If you are new to OpenCV (and computer vision probably), then tackling such a problem is optimistic I would say.
The algorithms I have added are nowhere to be suited for datasets of 100,000
images. If you are going to run the Eigenfaces or Fisherfaces algorithm, you won't be able to allocate that much memory. Algorithms like Local Binary Patterns don't need to allocate that much memory, but finding the best match is going to be very time consuming as it's a Nearest Neighbor Search over the entire dataset.
Coming up with a solution that scales is far from trivial. While I can't offer source code and algorithm implementations, I think there are interesting papers available. Among them is one of the face.com team (a company quite successful in this area):
- Yaniv Taigman, Lior Wolf "Leveraging Billions of Faces to Overcome Performance Barriers in Unconstrained Face Recognition" (Online available on arxiv.org)

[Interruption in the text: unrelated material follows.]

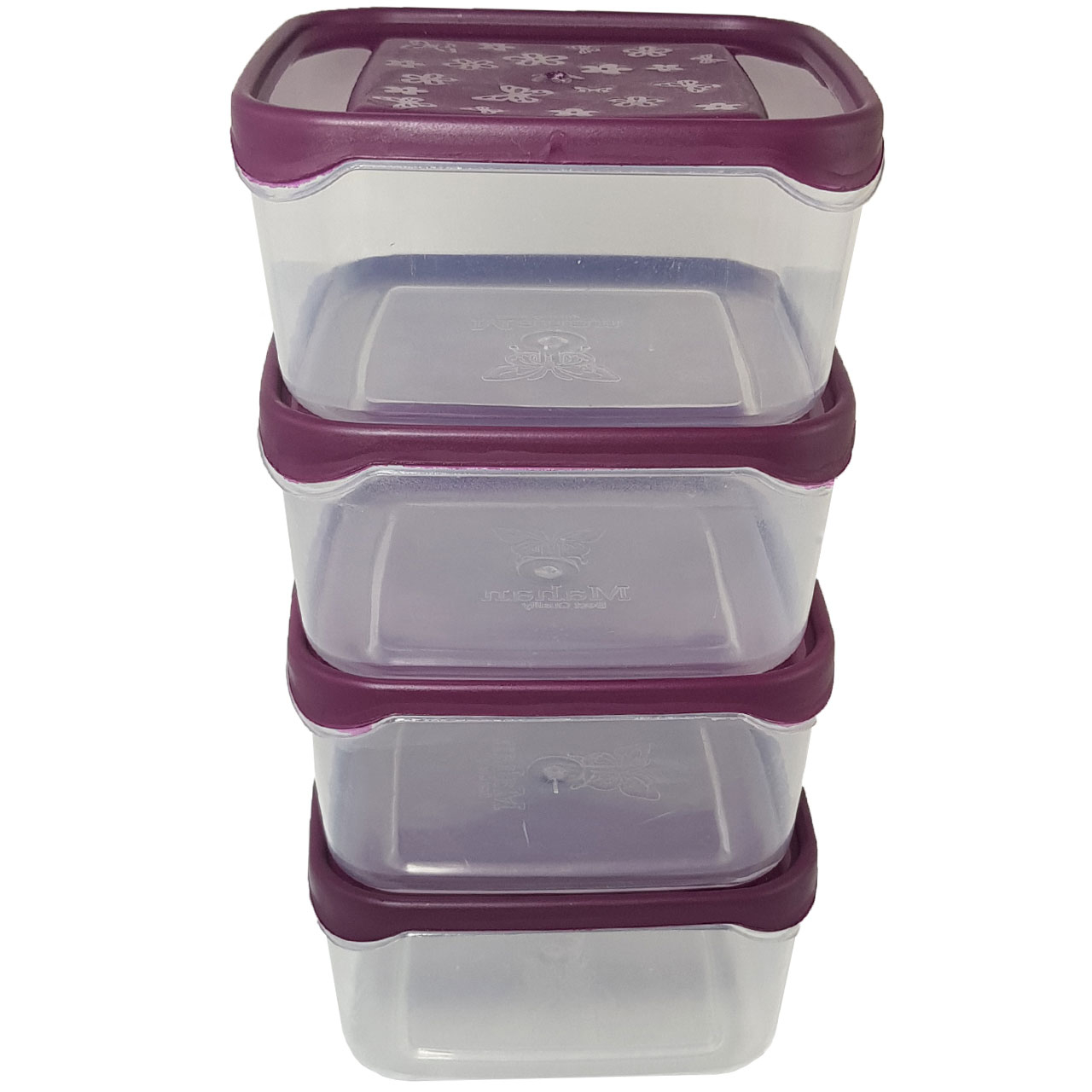 ظرف نگهدارنده ماهان پلاستیک مدل FOOD KEEPER بسته 4 عددی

As for similarity measures I suggest looking into algorithms like One Shot Similarity Kernels, as I think they still provide state of the art results for similarity measures. There's a great paper by Lior Wolf, Tal Hassner and Yaniv Taigman (face.com Founder/CTO);
- Lior Wolf, Tal Hassner and Yaniv Taigman "Effective Unconstrained Face Recognition by Combining Multiple Descriptors and Learned Background Statistics". IEEE Transactions on Pattern Analysis and Machine Intelligence archive, Volume 33, Issue 10, October 2011 (PDF online available)

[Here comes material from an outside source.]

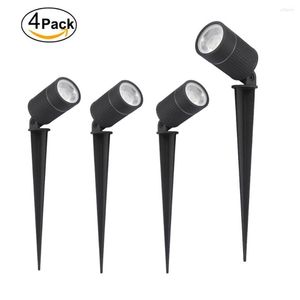 Pièces étanche IP67 rue ampoule éclairage dans le sol extérieur Spot pont lumière paysage pelouse lampe jardin Spike LED J102A-4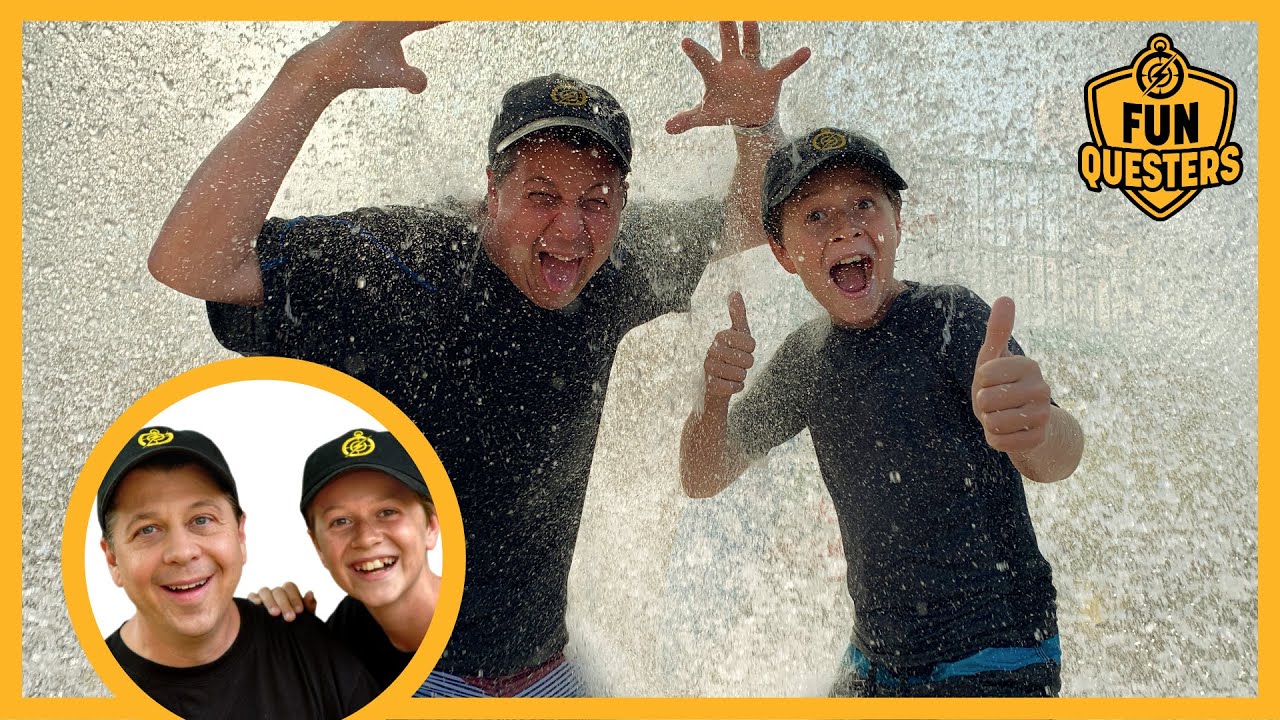 LB Rides Giant WATERPARK Slide! Epic Adventure with Aaron & LB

You can find some MATLAB Code on the project page for One Shot Similarity Kernels:
So do I think such a project feasible, if you are working alone and don't have a (very strong) background in computer vision? I know, that such a project requires a lot of tough problems to be solved in order to create a robust and efficient (and useful) face recognition system. In my opinion way too many tough problems for one person.